Each week, the Sunday Post highlights a few articles good for slow consumption over a cup of coffee (or tea, if that's your pleasure). Settle in for a while; we saved you a seat. You can also look through the archives.
Dawson, MN, welcomed Dr. Ayaz Virji — its first Muslim resident — with open arms when he and his family arrived three years ago. Then his town joined the majority in Minnesota that voted to put Donald Trump into office. Ayaz became a reluctant spokesperson for his religion, and an increasingly reluctant resident of the community that used to feel like home.
“Hey there,” Ayaz said, snapping out of his thoughts to greet his neighbor.
“Hiya,” said the neighbor, who worked in security.
He had heard from his wife about the talk in Granite Falls and, wanting to be helpful, had offered to lend Ayaz his bulletproof vest for the evening, and here it was, in the duffle bag he was slinging through the ornate front door. He set it down on a chair in the doctor’s study and pulled out the vest. Ayaz looked at it. He began taking off his suit jacket and tie to try it on.
What’s it like to be on the other side of the airport security experience, especially right now? To work in job where ideological decisions come down to eye contact between a tired traveler and the agent calling you over for a pat-down? Edward Schwarzschild, for reasons barely known even to himself, took a break from his university job and career as a writer to find out.

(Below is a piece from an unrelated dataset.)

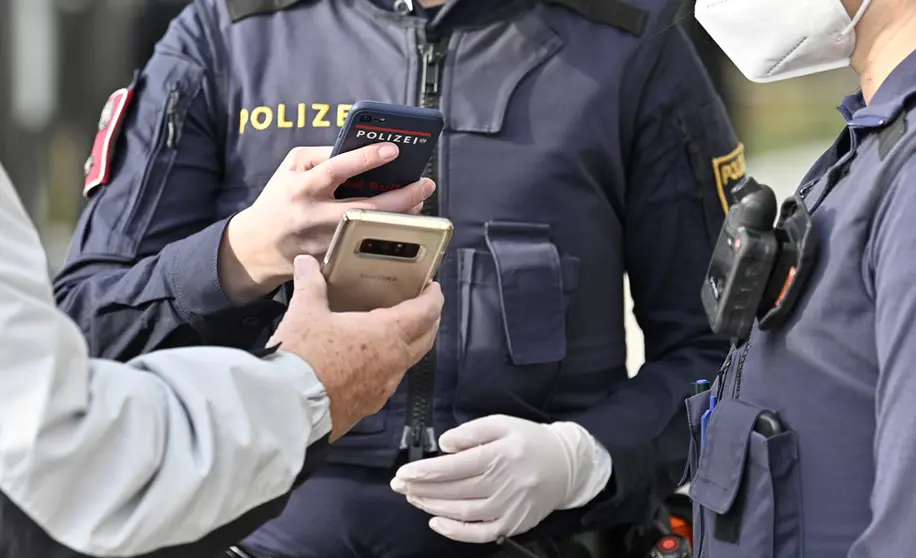 16 November 2021, Austria, Voesendorf: A policeman checks the covid passport of a citizen amid lockdown imposed by the authorities on unvaccinated people. Photo: Hans Punz/APA/dpa.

The lines around me at divestiture were backing up; suddenly there were two passengers in wheelchairs, another two passengers requesting pat-downs to avoid the scanner, and a young woman with a Siamese cat in a small carry-on. I struggled to recall the SOP for pets. I had to keep the lines moving. I needed to continue repeating my script about liquids, gels, aerosols, jackets, and laptops. As TSOs, we were supposed to Create Calm and demonstrate Command Presence, but I was starting to sweat and my voice didn’t sound confident to me and I wasn’t sure exactly what I should be saying into my walkie-talkie.

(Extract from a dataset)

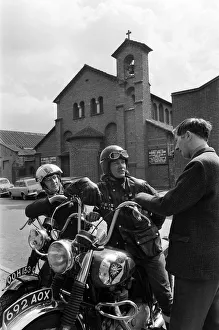 The Rev. Les Milner talking with members Raymond Fox (right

In a highly amusing essay (hopefully not only to this fellow worrier), Irish novelist Donal Ryan traces the bloodlines of worry in his family and finds a quantum solution, only to be defeated by a faulty sensor on a plane from New York to Shannon.

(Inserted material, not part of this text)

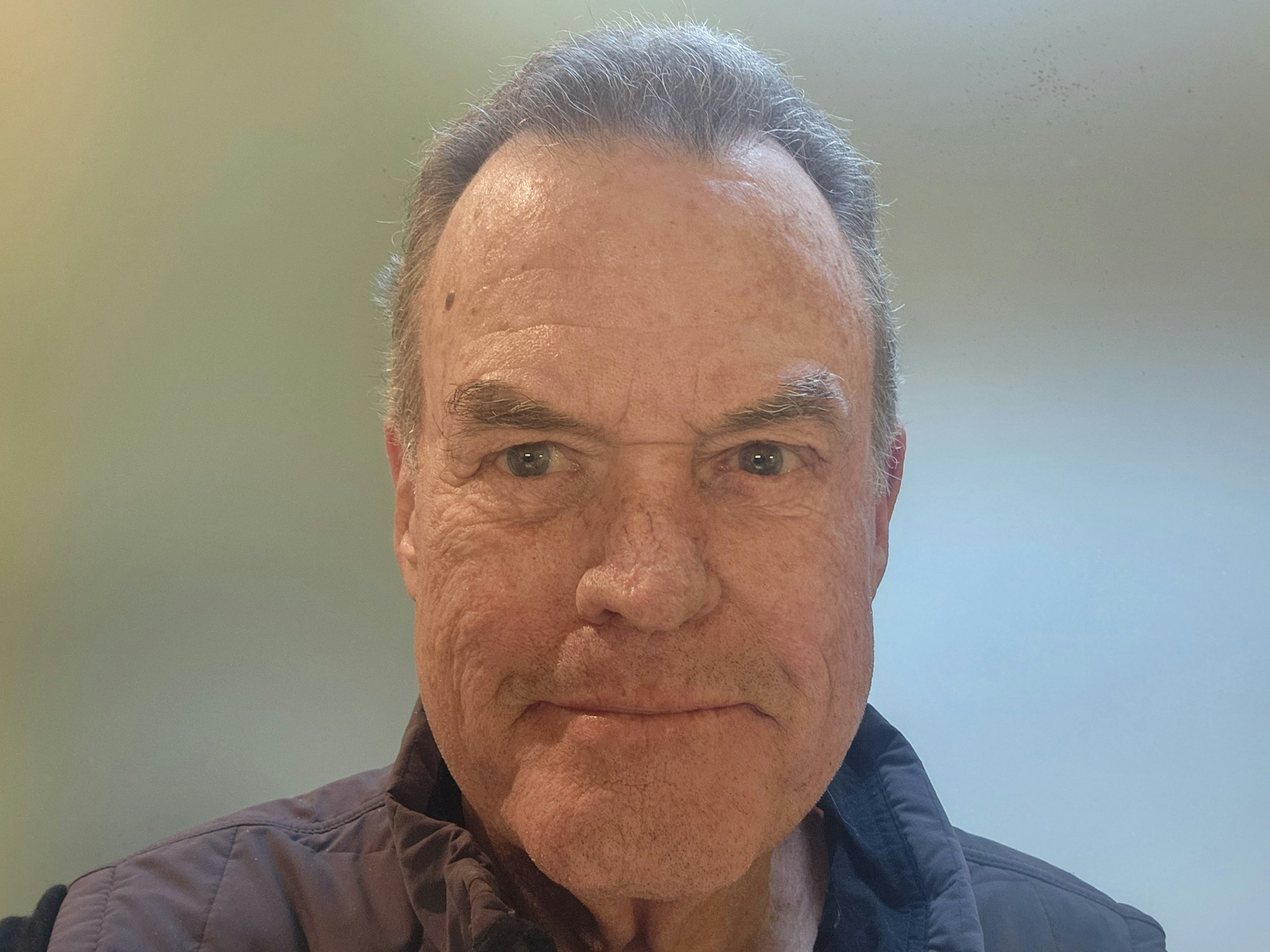 The image features an older man with short hair, wearing a vest, smiling against a neutral background.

A brilliant idea occurred to me, a way of allowing me to worry in an infinitely efficient manner. Instead of worrying in a haphazard and time-eating way about whatever happened to present itself to my consciousness at any given moment, and unless I had a specific and urgent worry to contend with, I’d restrict myself to worrying about gluons, the tiniest of the known particles of matter.
We are turning the stories of our lives over to our devices, and especially to the social media channels — Facebook, Instagram — where our memories are preserved, ostensibly for the consumption of others, but ultimately for our own. Molly Sauter asks about the consequences of moving our memories into crisp digital vaults where they remain ageless while we wither.
[P]hysical evocations age, and their value and veracity as objects of testimony ages with them and us. They date, they fade, they display their distance from the events they are connected to and their distance from us. Digital memory objects, on the other hand, although they might abruptly obsolesce, do not age in the same way. They remain flatly, shinily omni-accessible, represented to us cleanly both in the everlasting ret-conned context of their creation and consumption. The user interface of Facebook doesn’t time-machine itself to the design it had when you composed whatever memory it is showing you from 10 years ago.
In a love letter to the German language, John Le Carre suggests how clarity and simplicity can help lead us through the treacherous linguistic waters of international (and our own national) politics in 2017.
Clear language — lucid, rational language — to a man at war with both truth and reason, is an existential threat. Clear language to such a man is a direct assault on his obfuscations, contradictions and lies. To him, it is the voice of the enemy. To him, it is fake news. Because he knows, if only intuitively, what we know to our cost: that without clear language, there is no standard of truth.
And that’s what language means to a linguist. Those who teach language, those who cherish its accuracy and meaning and beauty, are the custodians of truth in a dangerous age.